Since 2003, for example, they’ve unleashed the military in the countryside to murder political opponents and activists, and ignored the killing of those pesky journalists.

Lately they’ve brutalized demonstrators right in the capital in violation of the Bill of Rights of the very Constitution Ramos was citing. They’ve also prevented everyone from clerk to department secretary from testifying on anything in Congress through Executive Order 464, while their cohorts in Congress rush the approval of an incredibly badly-written “Anti-Terrorism” bill that’s certain to shock grammar teachers and terrorize everyone else except the real terrorists in the Arroyo regime itself.
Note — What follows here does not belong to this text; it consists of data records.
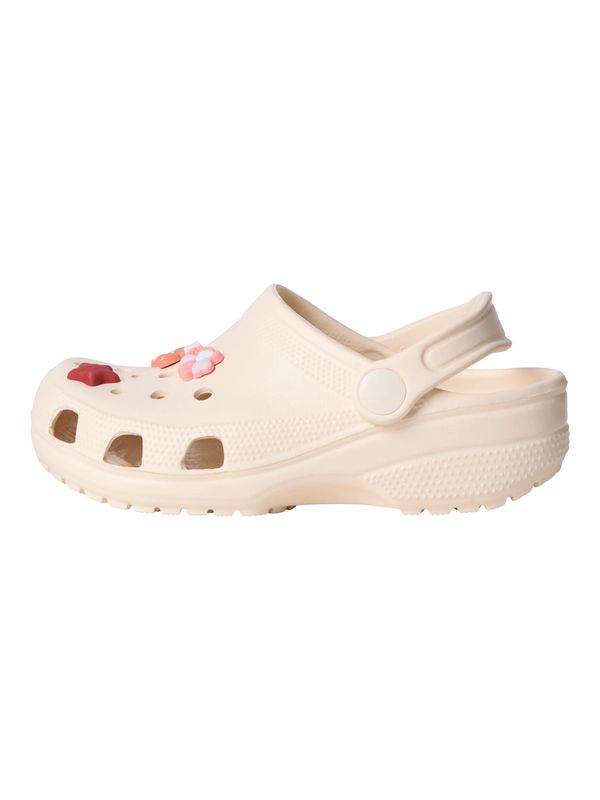 13263283 – NAME IT meisjes clogs – beige met schoenbedeltjes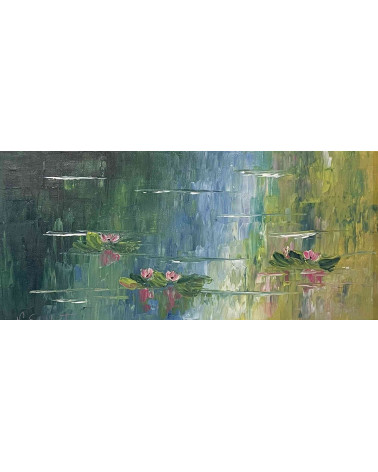La représentation contemporaine du bassin des nymphéas de Claude Monet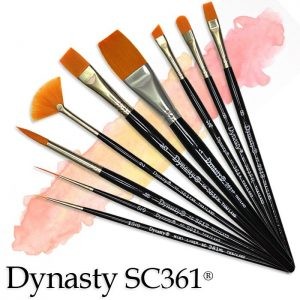 ROYAL SOFT GRIP SYNTHETIC SABLE FAN BRUSH - SIZE 6 - SG75FB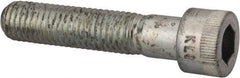 Made in USA - 5/8-11 UNC Hex Socket Drive, Socket Cap Screw - Alloy Steel, Zinc-Plated Finish, Partially Threaded, 3" Length Under Head - Eagle Tool & Supply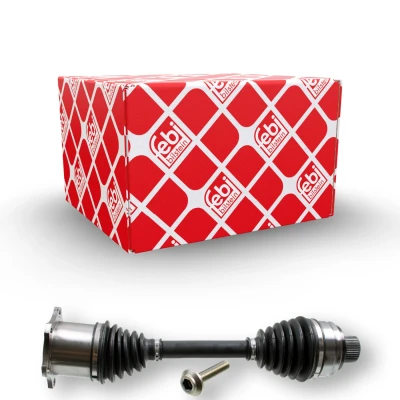 Imagen de FEBI BILSTEIN 182885 Árbol de transmisión Eje delantero, derecha, izquierda con tornillo AUDI: A4 B8 Berlina, Avant, A5 Coupé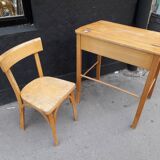 Child desk and vintage chair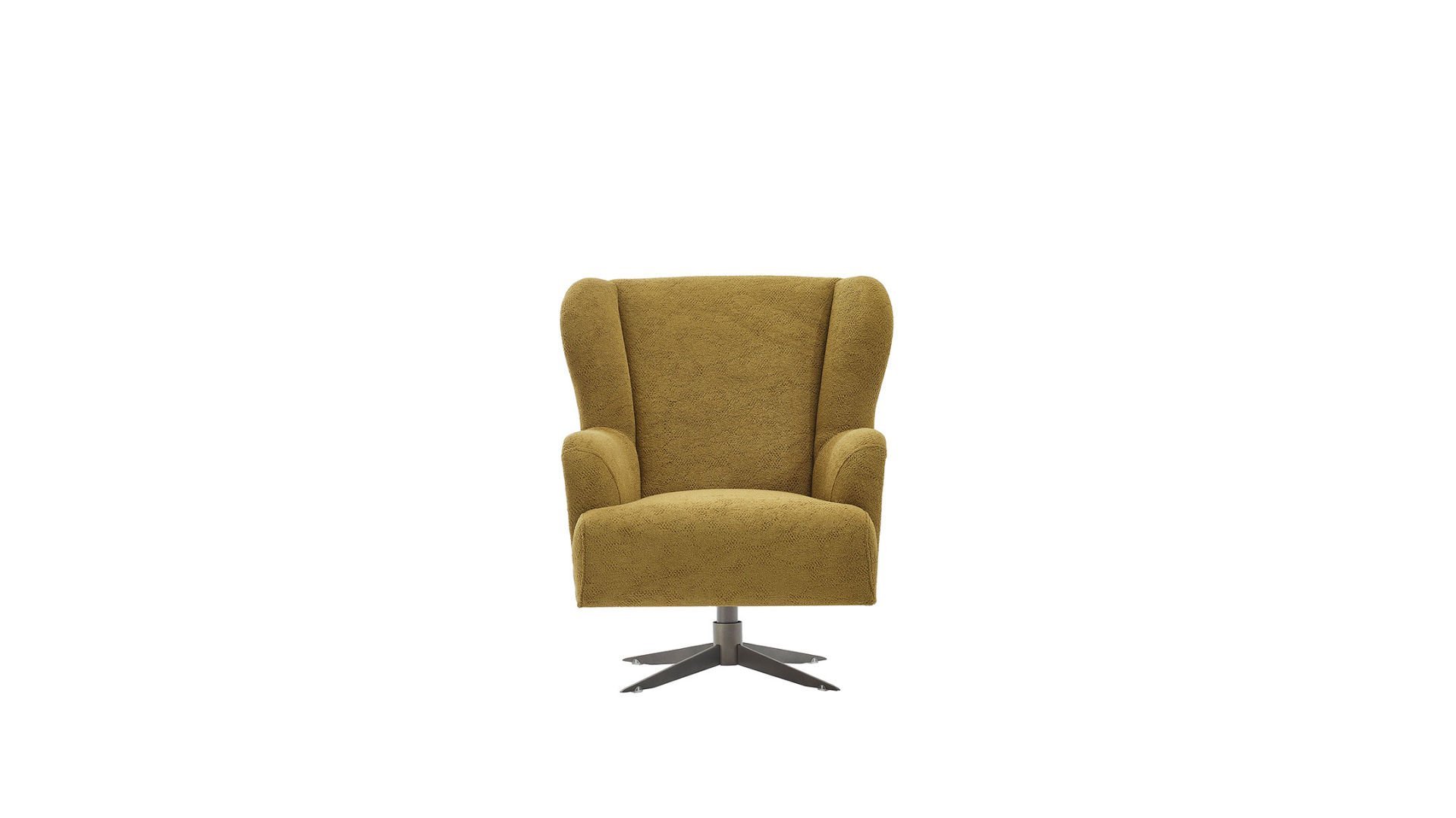 Atlanta Tekli Dönerli Koltuk - Hardal Hardal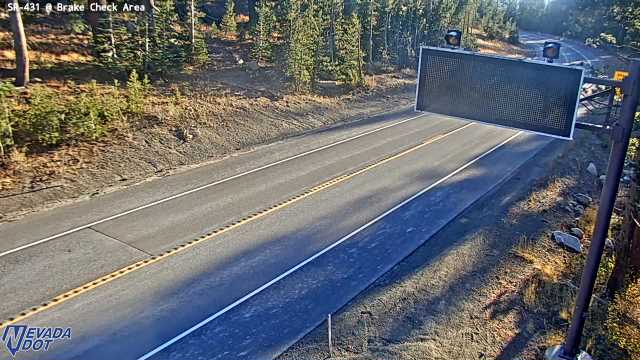 Brake Check Area camera, SR-431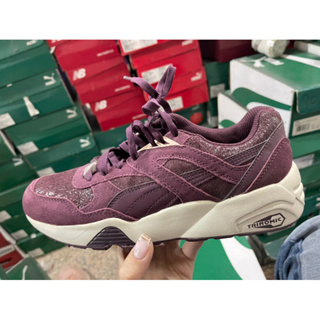 大灌體育👟出清特賣 過季商品 puma r698 361303-01 酒紅 休閒鞋 女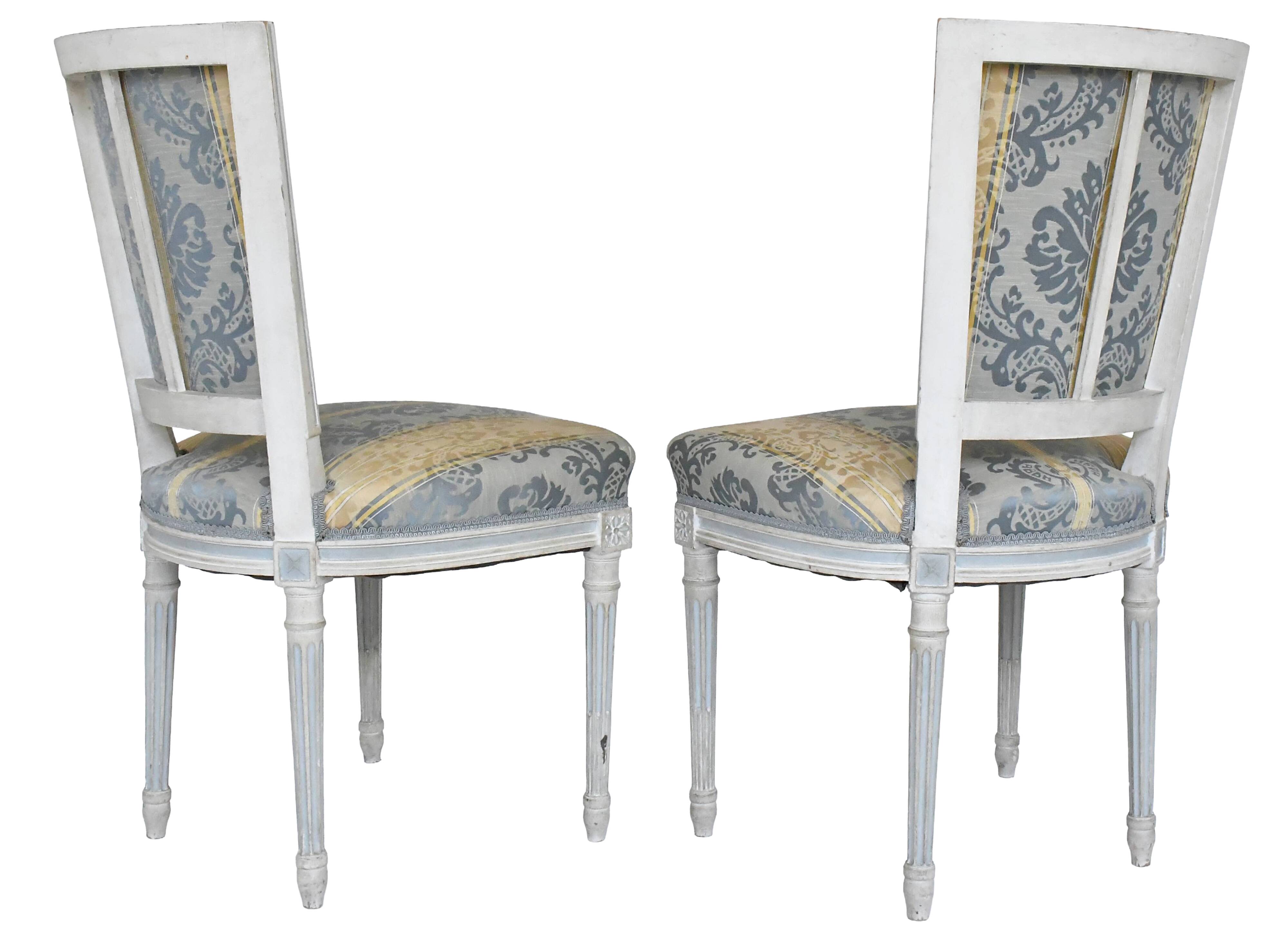 Set of 4 Louis XVI style chairs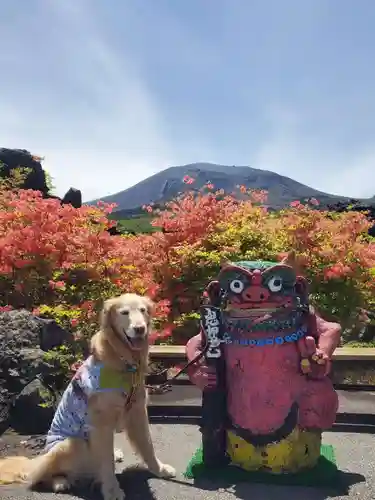 寛永寺別院浅間山観音堂の動物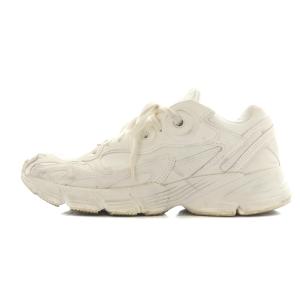 アスター ASTIR スニーカー シューズ レザー フェルト US8 24.5cm 白 ホワイト GY6855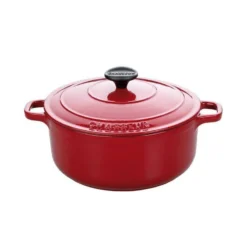 CHASSEUR Cocotte Ronde Fonte émaillée ROUGE D24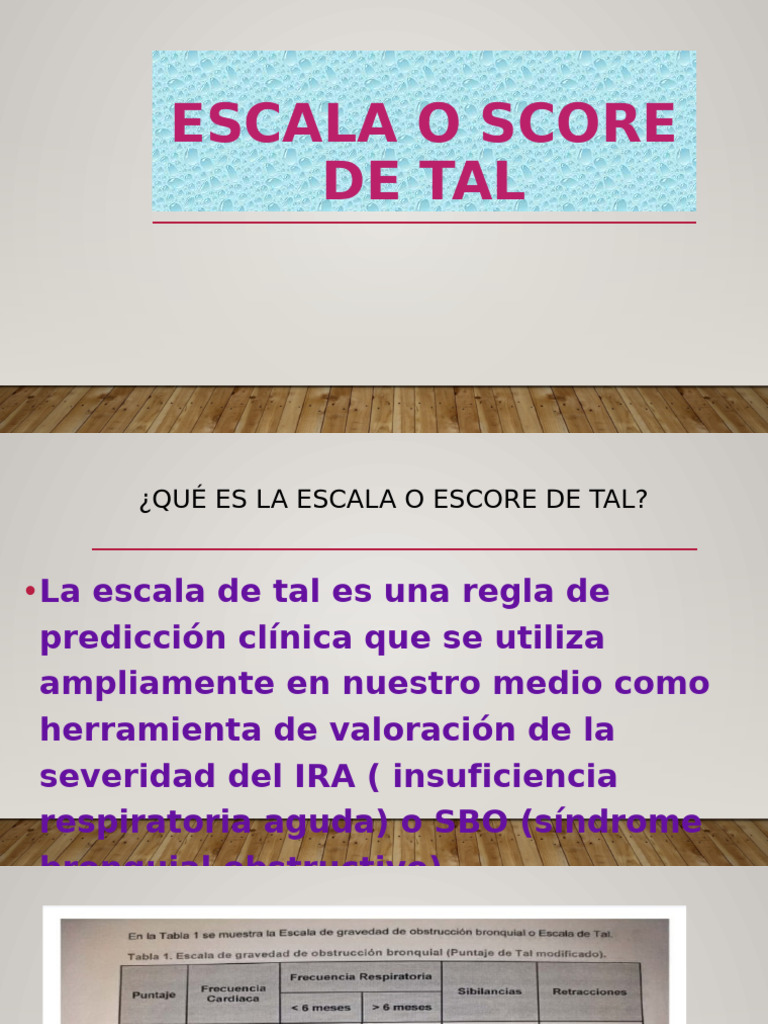 Escala de Tal y Silverman-Anderson | PDF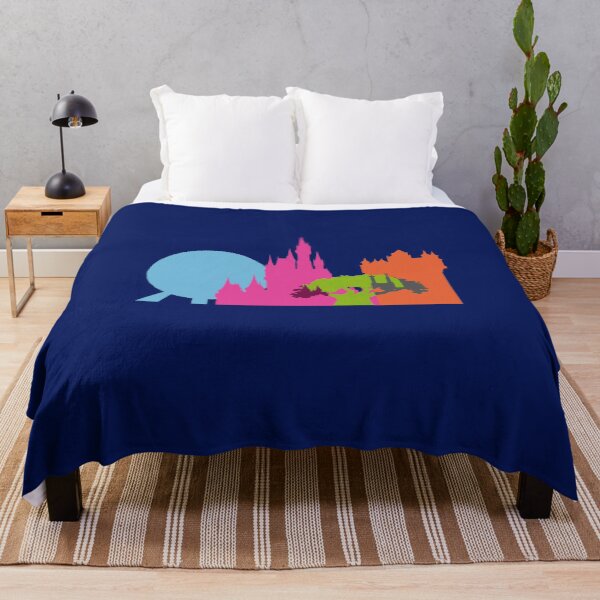 Item preview, Magical Fairy Castle Colorful Skyline designed and sold by kathleenmiles.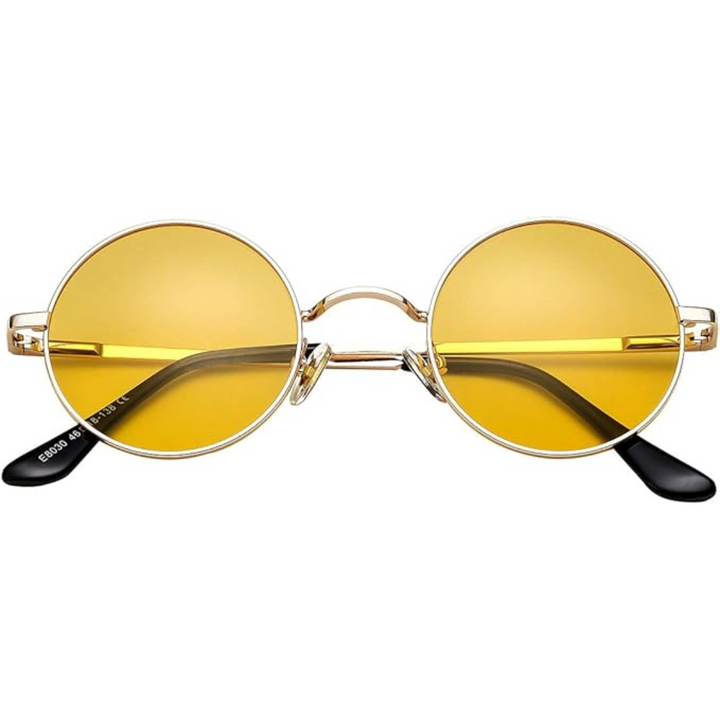 Vintage round polarized sunglasses for men & women. UV protection, perfect retro eyewear.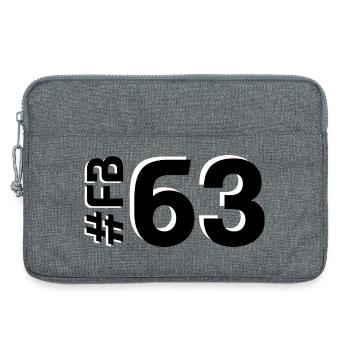 FB63 2025 - Laptoptasche 13" - Grau meliert - Vorne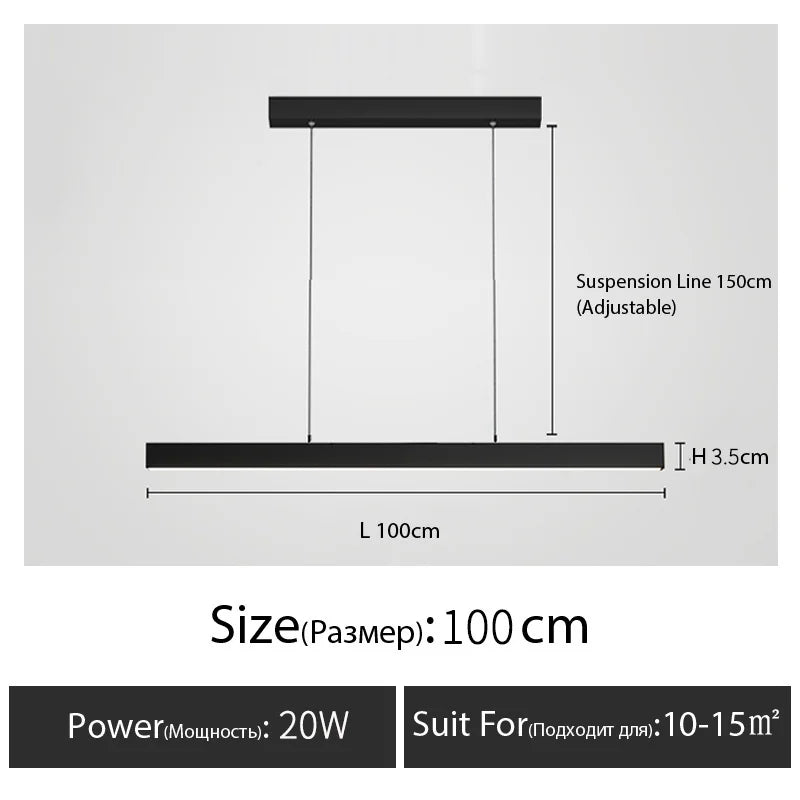 plafonnier led suspendu au design nordique moderne décoratif intérieur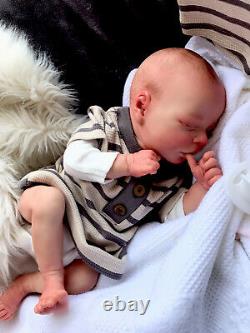 Beautiful Sleeping REBORN BABY DOLL. Finn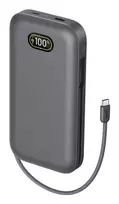 Belkin UltraCharge Pro Laptop Power Bank 27K 27000mAh 240W su integruotu USB-C laidu ir skaitmeniniu ekranu Charcoal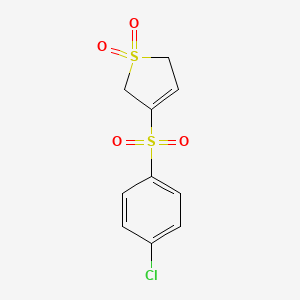 molecular formula C10H9ClO4S2 B2508378 3-(4-Chlorophenyl)sulfonyl-2,5-dihydrothiophene 1,1-dioxide CAS No. 339008-19-4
Ramos was not quite right either in saying that Filipinos will not accept martial law. No survey has really been taken on the subject. Pulse Asia did do a survey in July on whether there was a need for martial law, and found that 67 percent of Filipinos said no, while 19 percent believed it should be declared. The respondents in that survey did not say they would not accept martial law; only that they didn’t think it was necessary at the time.

But that may be beside the point. As Ramos himself knows, it takes only a well-orchestrated bombing spree and other forms of state terrorism to change people’s minds.

While Chief of the Philippine Constabulary, and privy to Ferdinand Marcos’ plans to declare martial law in 1972, Ramos surely remembers the series of bombings that rocked Manila that year. The bombings culminated in the “ambush” of the car of then Defense Secretary Juan Ponce Enrile– when he was conveniently not in it.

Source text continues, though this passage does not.